Floreana Island

We boarded the pangas (local name for the Zodiacs) at 7:00 a.m. and motored across a glass smooth sea to the crescent beach at Post Office Bay. Disembarking in mid-calf deep water, we waded ashore and climbed up the warm sandy beach, following in the footsteps of the whalers, sealers and yachtsmen who came before us to deposit their mail in the old wooden barrel we found behind the beach. Our Naturalists, Rafael, Alexandra and Gabriel, told the tale of this traditional hand delivery mail swap system which these days is sometimes faster than the Ecuadorian mail! Our guests left their post cards and picked up ones that they would be able to deliver in a few days to addresses near their own homes.

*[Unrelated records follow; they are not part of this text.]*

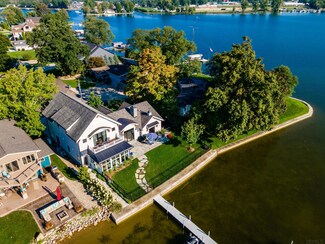 1125 Country Club Ln, Warsaw, IN 46580
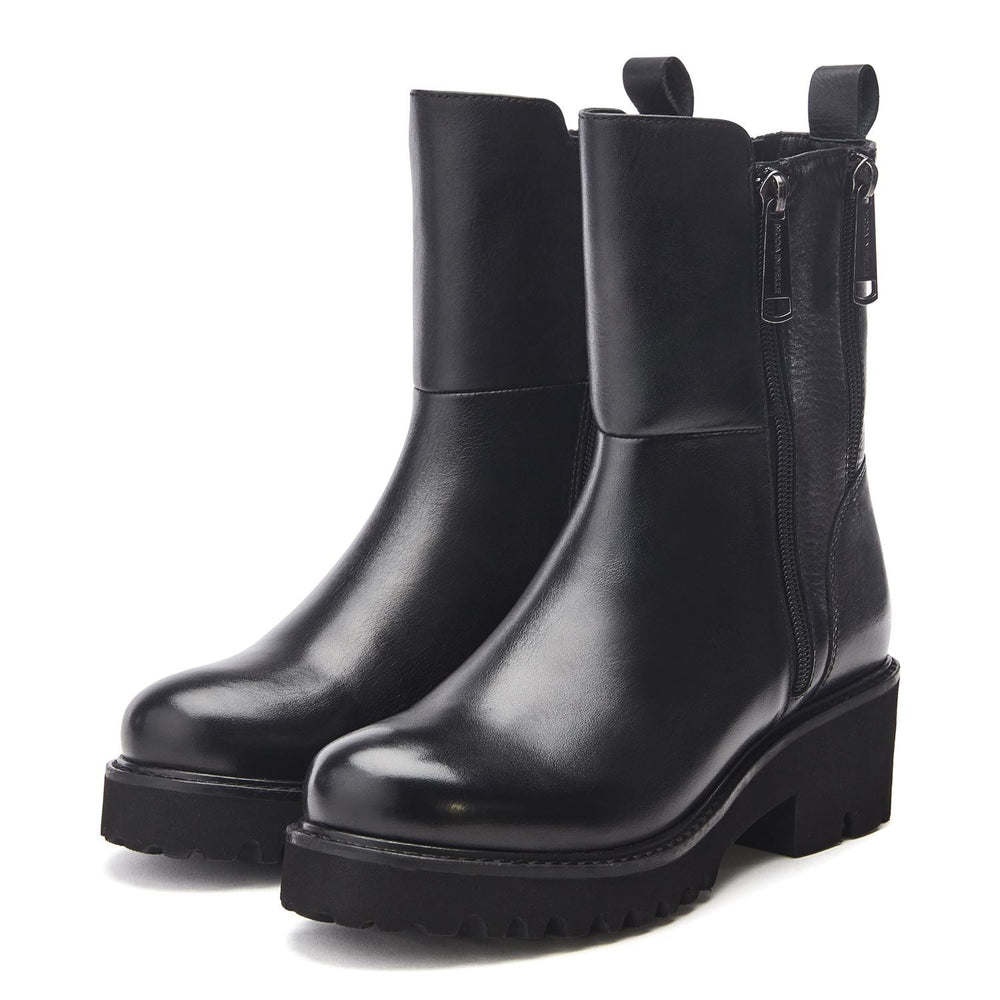 Opaline Black Leather Boots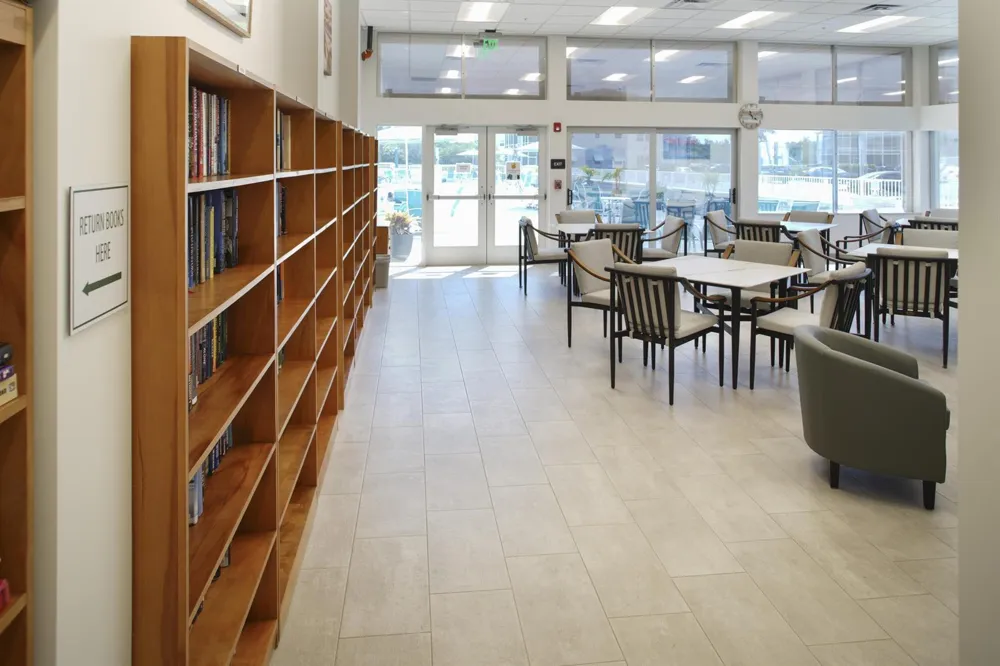 350 Horizons E #206 Boynton Beach, FL 33435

Following breakfast we enjoyed a long and leisurely snorkel around the islet of Champion. The water was cool, clear and teeming with fish of many varieties. Huge schools of king angels were feeding near the surface and we swam among them, marveling at the brilliant orange of their tails contrasting with a deep purple body which is dissected by a bright vertical white stripe. Lovely fish, and there were hundreds of them! We saw huge schools of gray chubs and "gringos" and could have identified at least twenty other species. White tipped reef sharks slept on a shelf and once they were disturbed they cruised slowly in circles below us. Sea lions joined us and swam below and behind and around us in graceful loops which, when we tried to copy and follow them left us breathless and laughing. This morning we had time to snorkel to our heart’s content: and indeed there was not one of us who was not feeling just that – extremely contented – when we finally were tired and chilled and climbed into the pangas.

In the afternoon we had options: deep water snorkeling at Devil’s Crown, sea kayaking from the Baronessa’s Bay back to the ship, and then hiking from the olivine beach along the cindery trail at Punta Cormorant. Each outing was superb: the snorkelers returned exuberant with all they had seen, the kayakers explored the turquoise bay where tens of sea turtles swam and then paddled across a flat sea back to the ship as the sun came out hot and strong. They marveled that they reached the ship so painlessly – thinking that it was going to be a long hard paddle – but it was not.

On the hike we found flamingos, both adults and young ones, in the brackish lagoon and crossed over the point to a sea turtle nesting beach composed of fine white sand. As the sun set and the afternoon turned golden, our guests may have wondered what we could possibly do tomorrow that could be as exciting and interesting – as outstanding and different – as each day of this expedition has so far been. I know: Española Island and the waved albatross are waiting.